___ Records to use ___

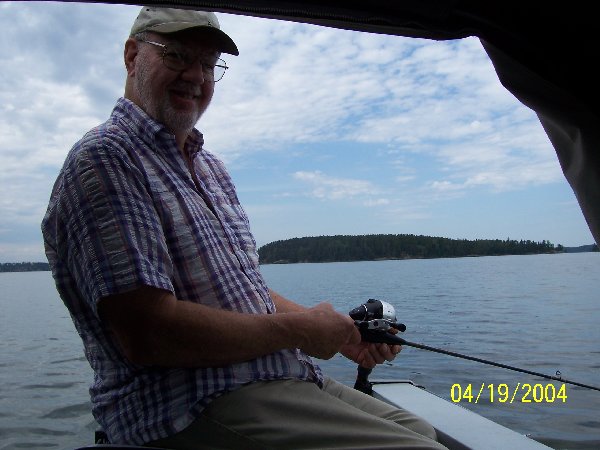 Dave in the trolling seat. A great fishing coach.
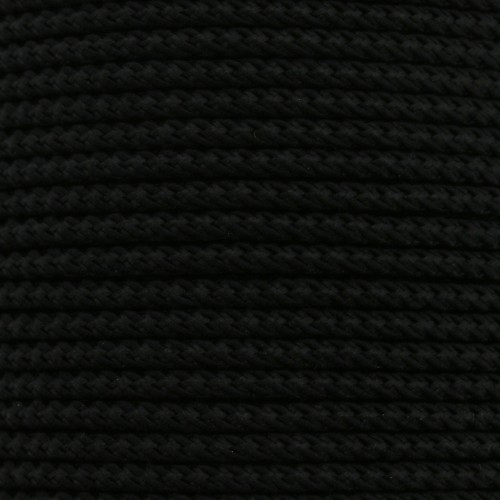 Cordone in polyester intrecciata 2 mm - Nero x1m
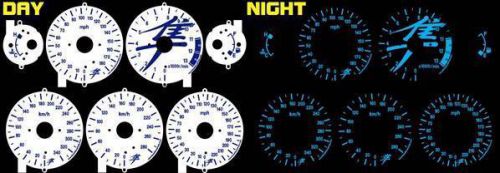 Suzuki hayabusa gsxr 1300 1999-2007 white face plasma glow gauges dials mph kmh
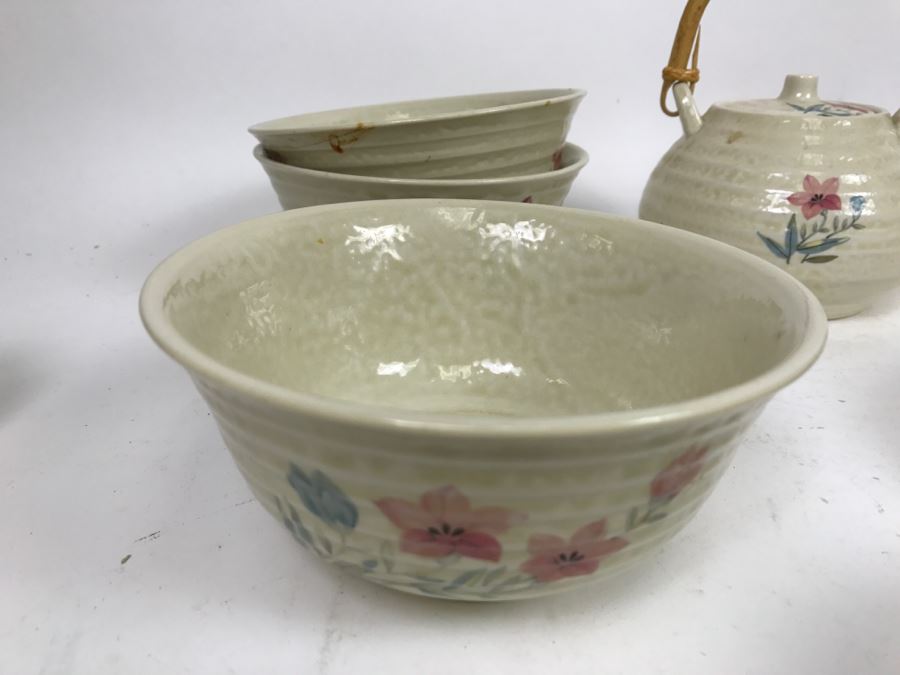 Vintage ~28 Piece Japanese Hand Painted White Glaze Pottery Signed China Tea Set [Photo 21]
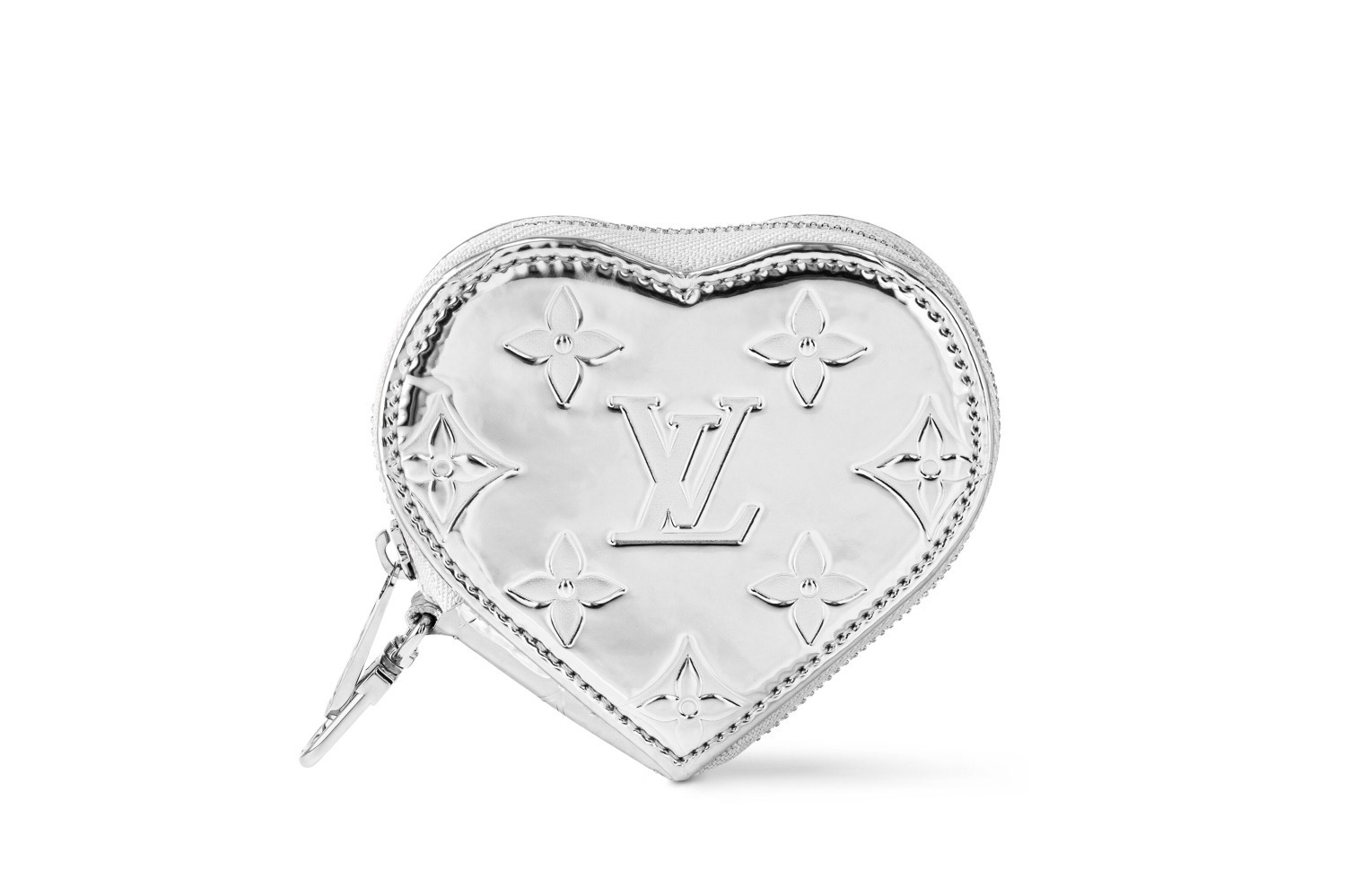 ルイ・ヴィトン“メタリックシルバー”きらめくハート型の財布や三日月型
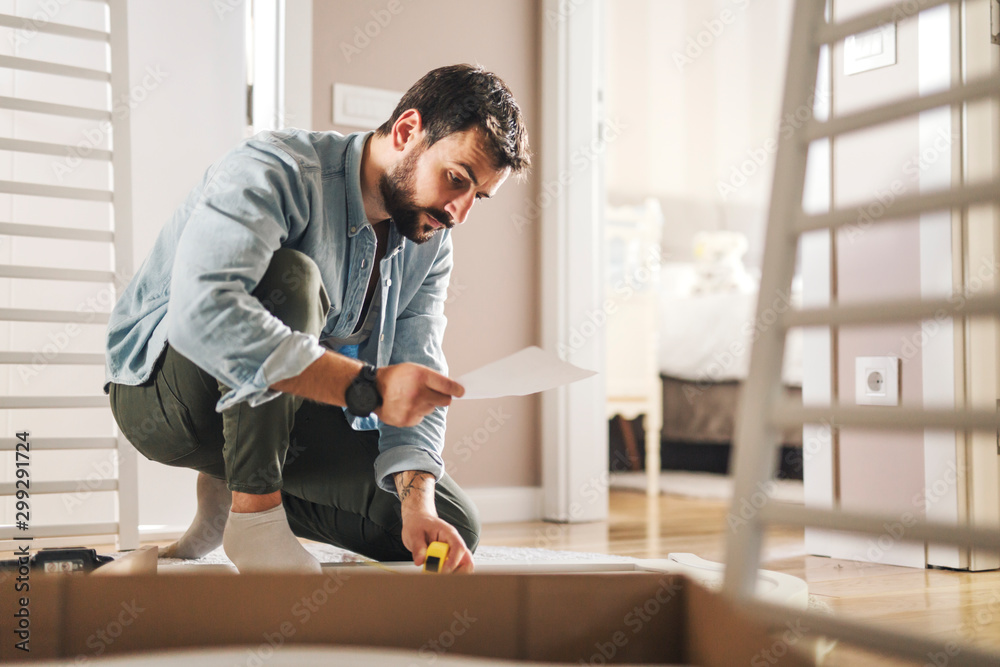 Assembling a wooden crib for baby Assembling a wooden crib for baby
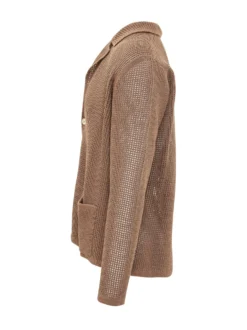 Cardigan Traforato a Rete con Tasche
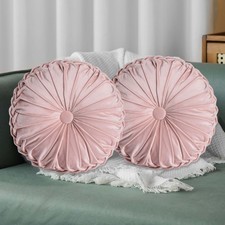 Set of 2 Pink Ruched Velvet Round Throw Pillows   14.5    Decorative Pillows w...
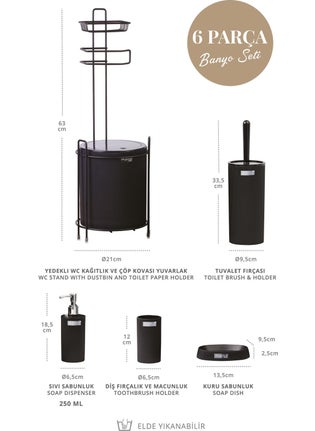 ‎okyanus Home Ocean Home Black Mina Replacement WC Paper Holder and 6 Piece Bathroom Set  - Image 3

___

From the first line of the records through the line with "Cardigan Traforato a Rete con Tasche", reproduce each line exactly and leave the pictures out.

 Dave in the trolling seat. A great fishing coach.
 Cordone in polyester intrecciata 2 mm - Nero x1m
 Suzuki hayabusa gsxr 1300 1999-2007 white face plasma glow gauges dials mph kmh
 Vintage ~28 Piece Japanese Hand Painted White Glaze Pottery Signed China Tea Set [Photo 21]
 ルイ・ヴィトン“メタリックシルバー”きらめくハート型の財布や三日月型
 Assembling a wooden crib for baby Assembling a wooden crib for baby
 Cardigan Traforato a Rete con Tasche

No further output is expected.